So, these types [the growable array, C++ and this library call them "vector", Rust calls them Vec, a lot of the GC languages call this ArrayList or even plain List] have the amortized constant time append operation which they achieve via a growth factor, often doubling. However, as the programmer we might well know useful things about how big our growable array will be, either immediately or in its eventual future, this won't influence correctness but responding appropriately can have a large impact on performance. To use this knowledge, the type should provide a reservation API - a way to tell it what you know.

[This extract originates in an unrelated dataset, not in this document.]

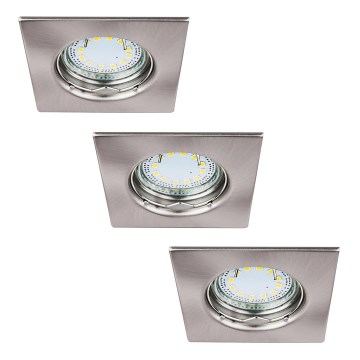 Rabalux - Lot de 3 spots encastrés LED pour salle de bain 1xGU10/3W/230V IP44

There are several ways you could arrange this, but some of them can't optimize certain scenarios practically. I call Rust's choice here a "bifurcated" API because it has two functions named `reserve` and `reserve_exact` where many provide only one (typically named `reserve` but analogous to `reserve_exact`)

Because we know the circumstance, we can use the amortized growth strategy where appropriate in `reserve` even though we don't use it for `reserve_exact`.

Suppose I'm receiving bundles of Doodads, to form a Shipment, I can see how many Doodads are in the bundle I received, but I only know it's the last bundle of the shipment or it's not, I don't have advance notice of the full size of the Shipment.

If I receive bundles of 10, 15, 11, 20, 9, 14 and finally 13 Doodads. Total shipment size was 92 Doodads.

With just naive doubling, we grow to 1, 2, 4, 8, 16, 32, 64 and finally 128 Doodads space, we perform 127 copies + 92 new writes = 219 Doodad writes, 8 heap allocations. That's our base case, it's what Bjarne Stroustrup recommends and what you'd get in many languages out of the box or if you've never used a reservation API.

If we abuse Vec::reserve_exact - as might be tempting if it's the only API - we grow 10, 25, 36, 56, 65, 79, 92, we perform 271 copies + 92 new writes = 363 Doodad writes, 7 heap allocations, one fewer allocation but many more copies, probably slightly worse. Ouch.

If we use the bifurcated API we grow 10, 25, 50, 100, we perform 85 copies + 92 new writes = 177 Doodad writes, 4 allocations, we're doing markedly better.